Texas Longhorns – No. 6
- Outfielder
- Born: December 19, 2006 (age 19) Torrance, California
- Bats: LeftThrows: Left

= Anthony Pack Jr. =

Anthony Pack Jr. (born December 19, 2006) is an American college baseball outfielder for the Texas Longhorns.

==Amateur career==
Pack grew up in Long Beach, California and attended Millikan High School. In addition to baseball, he also played football as a wide receiver up until his sophomore year. He had a .388 batting average as a senior in 2025. He was considered a top prospect for the 2025 Major League Baseball draft but was not selected and instead enrolled at the University of Texas to play college baseball for the Texas Longhorns.

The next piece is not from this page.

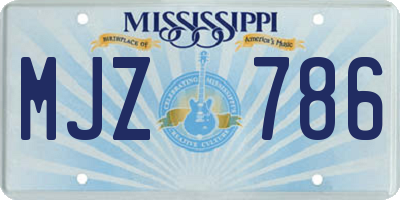 MS license plate MJZ786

Pack became the Longhorns' starting left fielder as a freshman in 2026. He was named the SEC Baseball Freshman of the Year. He was also named Freshman of the Year by Baseball America. In the 2026 NCAA Division I baseball tournament, Pack hit three home runs in a 19-1 victory over the College of the Holy Cross, making him the first ever Longhorn to hit three home runs in a postseason game. Across a total of 61 games played during his freshman season, Pack slashed .355/.480/.594 with 12 home runs, 56 runs batted in (RBI) and 21 stolen bases. After the season, he was named to the USA Baseball Collegiate National Team.